DATA SECTION below:

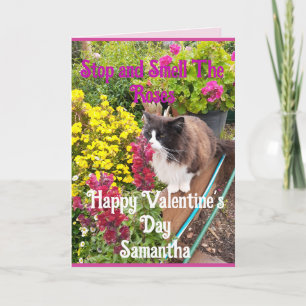 Tuxedo Cat Sniffing Flowers Funny Valentines Day Card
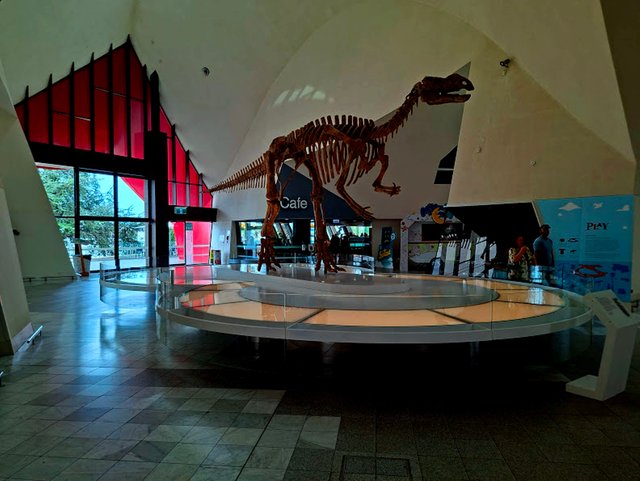 20251012_143537.jpg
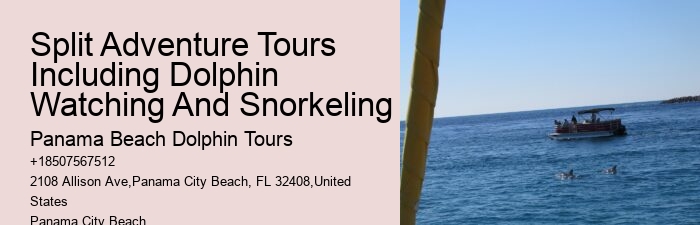 Dolphin And Snorkel Tours Panama City Beach
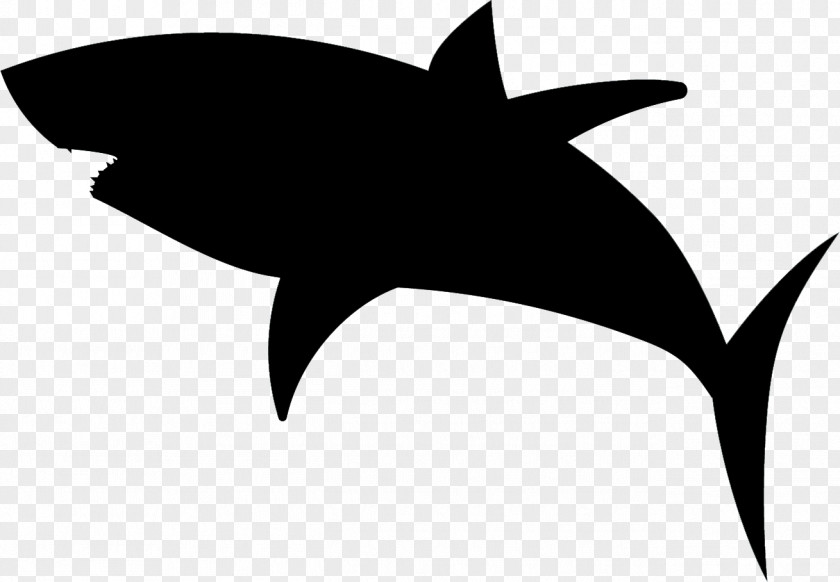 Shark Great White Silhouette PNG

End of DATA SECTION.

TASK DIRECTIONS | Pictures aside, please output the whole listing exactly as it appears above.

EXERCISE RESULT |
 Tuxedo Cat Sniffing Flowers Funny Valentines Day Card
 20251012_143537.jpg
 Dolphin And Snorkel Tours Panama City Beach
 Shark Great White Silhouette PNG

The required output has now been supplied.